___ Records to process ___

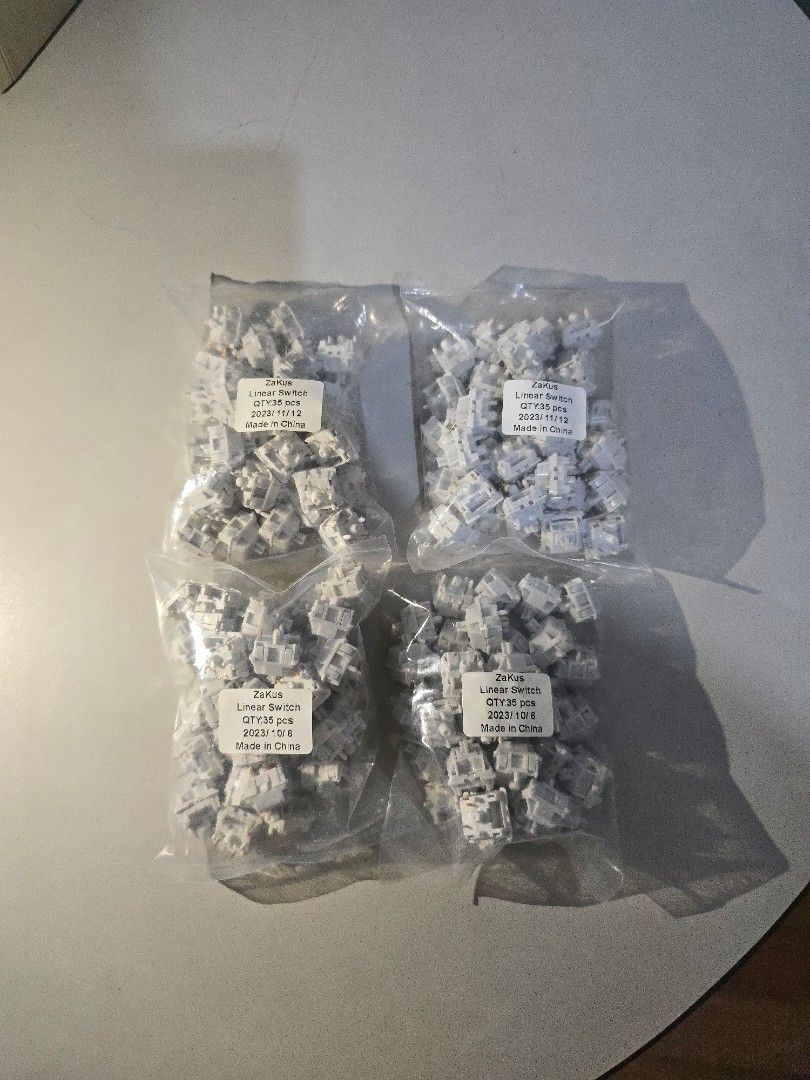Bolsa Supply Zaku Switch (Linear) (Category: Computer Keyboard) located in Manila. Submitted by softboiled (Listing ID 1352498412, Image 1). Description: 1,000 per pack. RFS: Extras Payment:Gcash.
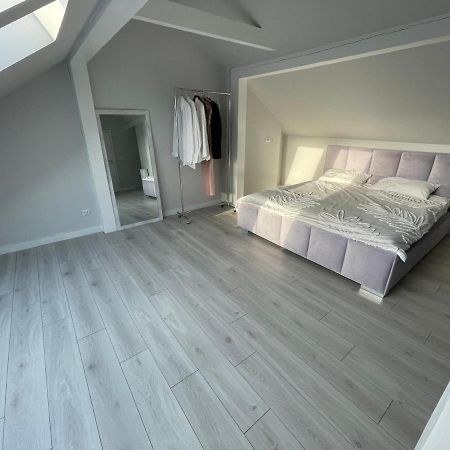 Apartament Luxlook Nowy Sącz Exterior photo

___
___ Records to process ___

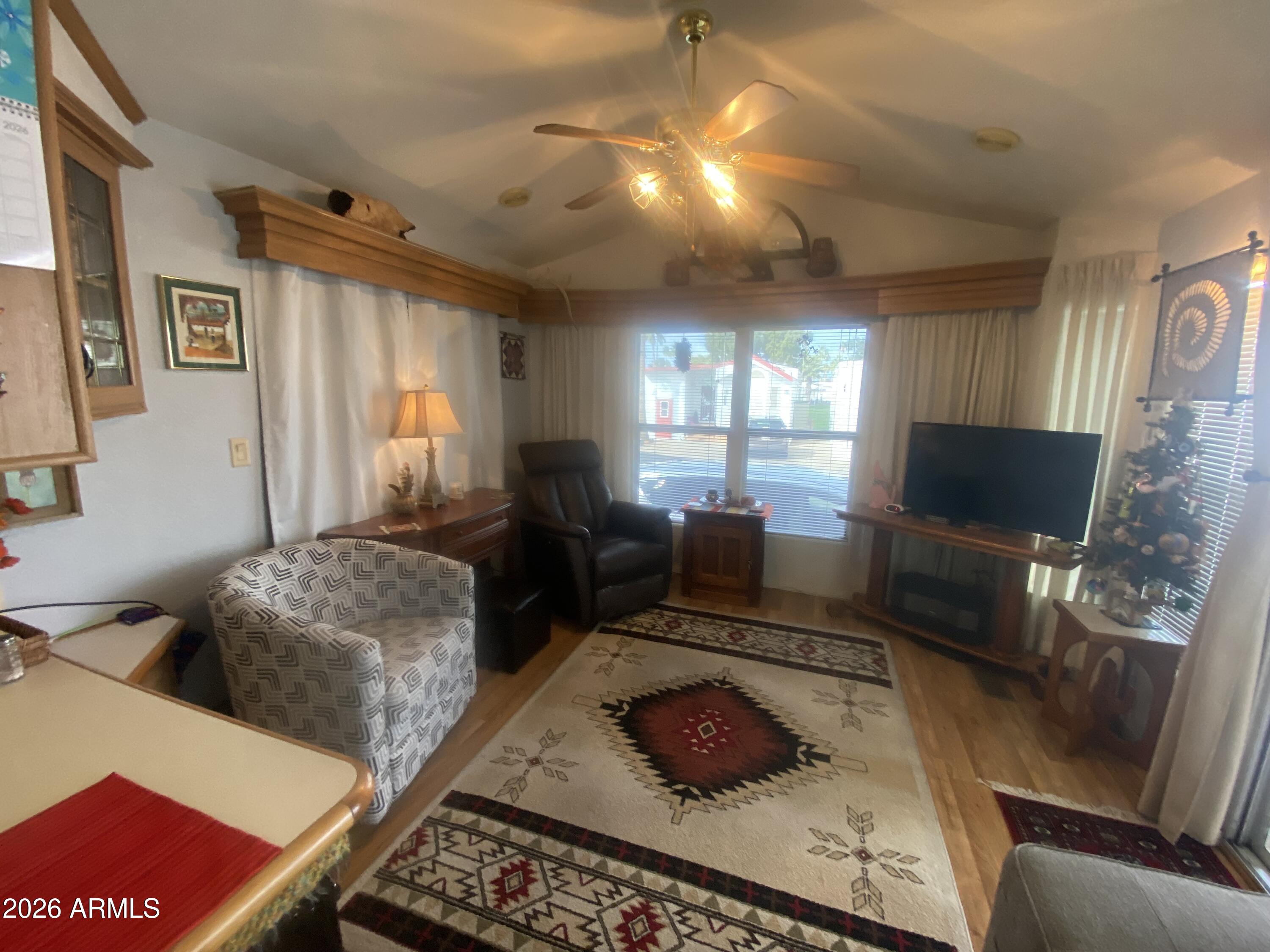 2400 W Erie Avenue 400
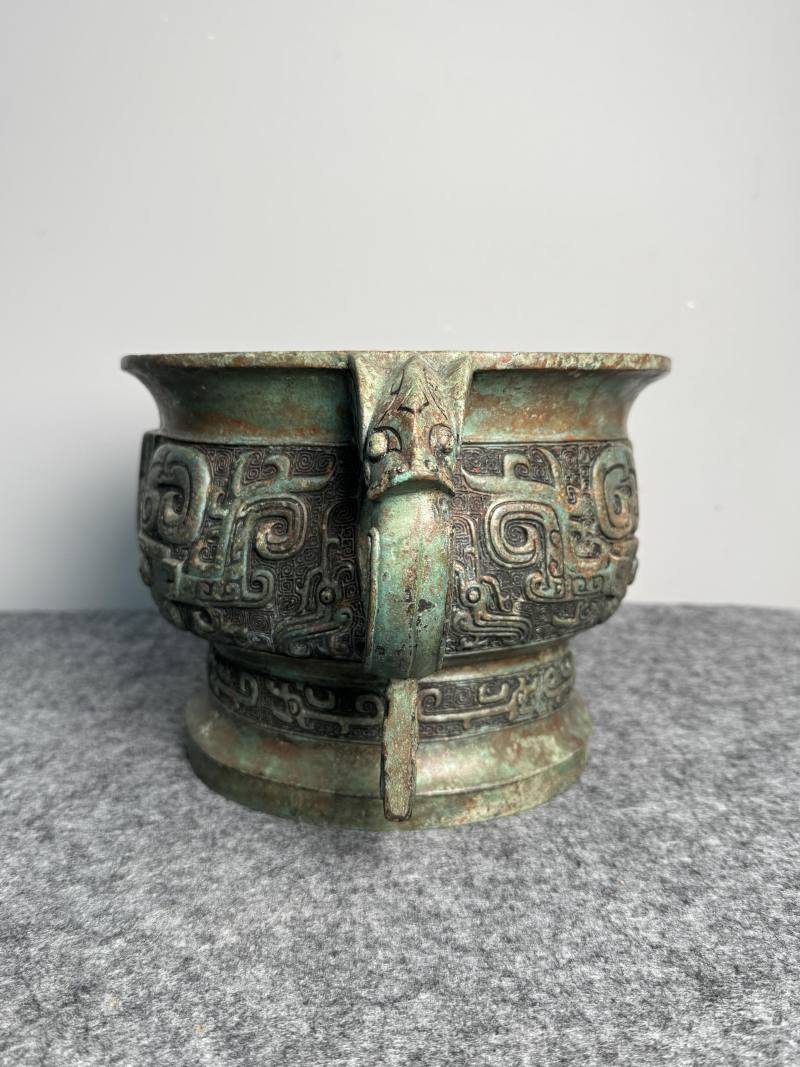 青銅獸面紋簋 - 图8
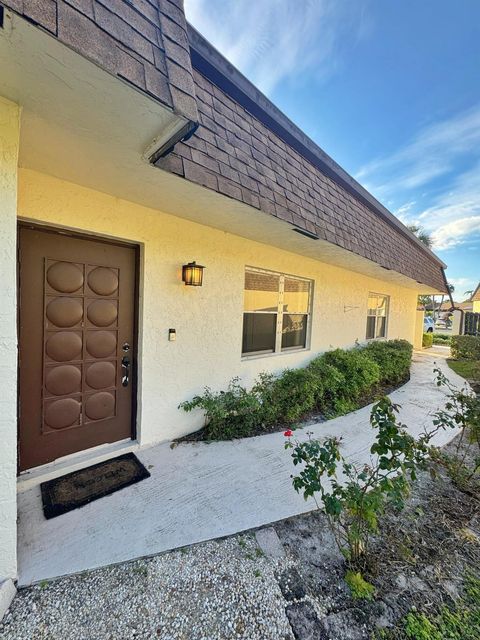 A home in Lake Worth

___

__What is expected__
What you need to produce is an exact copy of the entries above, limited to the lines from the one with "Bolsa Supply Zaku" up to and including the one with "Apartament Luxlook Nowy Sącz Exterior photo", without pictures.

__Expected output__
Bolsa Supply Zaku Switch (Linear) (Category: Computer Keyboard) located in Manila. Submitted by softboiled (Listing ID 1352498412, Image 1). Description: 1,000 per pack. RFS: Extras Payment:Gcash.
 Apartament Luxlook Nowy Sącz Exterior photo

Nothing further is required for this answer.